GOZO INMENSO DEL ALMA DE JESUCRISTO

DANDO A DIOS, CON EL OFRECIMIENTO DE SU VIDA,

LA MAYOR GLORIA DE LA CREACIÓN

Esta doctrina sobre el gozo de Jesucristo en el ofrecimiento de su vida toda, desde Belén y Nazaret hasta la Cruz, mal expuesta por mí, la oí brotar dulcísima de los labios del santo ermitaño. Ni sé expresar el efecto gratísimo y profundo que hizo en mí. Recobré nuevos ánimos de espiritualidad y hasta me parecía casi del todo nueva por lo poco que en ella se medita.

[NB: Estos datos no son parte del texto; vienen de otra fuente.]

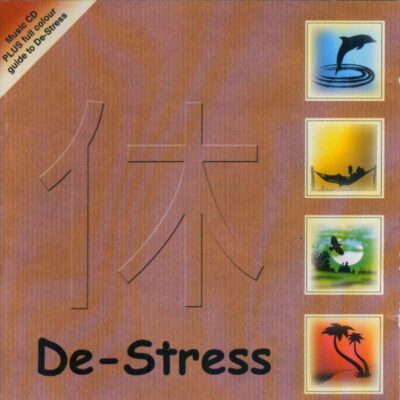 Andy Marlow – De-Stress - CD brugt (2000)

La vida oculta de Jesús en Nazaret no estaba envuelta en penumbra de tristeza, sino iluminada con fulgor y gozo. Jesús llevaba dentro de Sí mismo la lámpara inextinguible de alegría. Los sufrimientos, lejos de apagarla, aumentaban su llama y sus reflejos. El ofrecimiento continuo de su vida en trato silencioso de altísimo amor no perturbado por nada, y la aceptación de su muerte en el momento señalado por su Eterno Padre, aumentaba sin cesar el raudo manantial de gozo dentro de su alma.

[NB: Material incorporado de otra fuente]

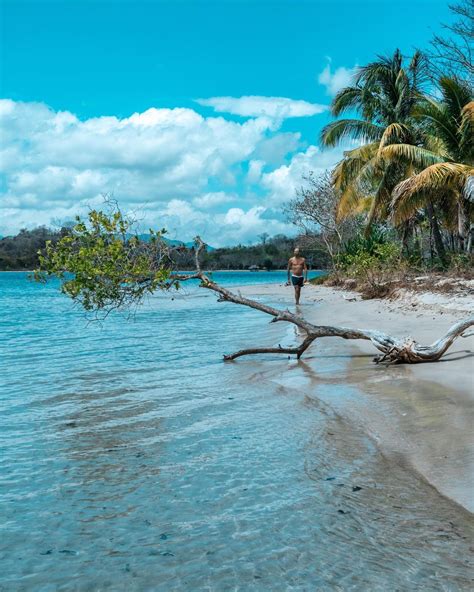 Gili Asahan Pulau Mungil Di Lombok Dengan Pasir Putih Dan Keindahan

Yo entendí con esta luz que la vida de Jesús fue de inmensa mayor alegría que de pena, como lo es la vida santa de todos los que a Él se entregan; tanto sobrepasa el gozo al dolor cuanto mayor es el silencio y la soledad. Movido por este sentimiento, se vio obligado a exclamar un enamorado de la vida oculta: ¡Oh bienaventurada soledad! ¡Oh sola bienaventuranza! En ella se vive más a Dios y Él lo llena todo. Y esta es la causa de que el dolor encierre inmenso gozo espiritual, tanto mayor cuanto más íntimo y crecido.

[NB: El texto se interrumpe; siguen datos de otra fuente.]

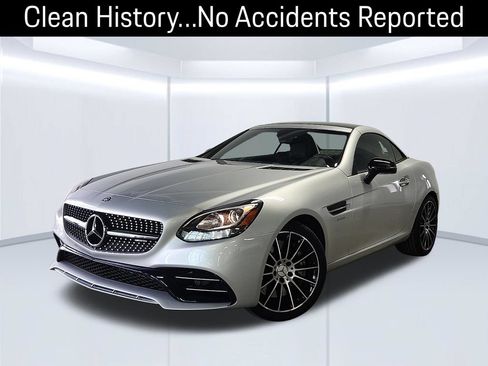 Used 2017 Mercedes-Benz SLC 43 AMG image 1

Quisiera continuar lo que oí al dulce ermitaño, no de las penas y dolores de la sacratísima Pasión de Jesús, sino del placer y gozo que dentro de su alma sentía, en contraste maravilloso con los dolores terribles exteriores y la causa o razón de ese gozar. Quisiera que fuera para ti, que esto lees, de tanto efecto y santo estímulo como para mí lo fue.

Y bien mirado, ¿cómo se ha de encontrar extraño que Jesús sintiera ese gozo en su Pasión, cuando lo sintieron los mártires que por confesarle a Él murieron en los más crueles tormentos y cantando su alabanza? Siendo inmensamente más grande el amor de Jesús y más puro e intenso el amor con que se ofrecía, y más alto y claro su conocimiento de la grandeza de Dios que el de todos los mártires, es natural fuera sin comparación mayor su gozo. Si las almas fervorosas sintieron gozo en el dolor, ¿no lo sentiría Jesús?

Tenía reunidos en torno suyo a sus discípulos en la Cena Pascual. Sabía Él, no los discípulos, que era la última que celebraba en su compañía. Empezó expresándoles su grande amor, diciéndoles el deseo tan vehemente que había tenido de que llegara esa hora.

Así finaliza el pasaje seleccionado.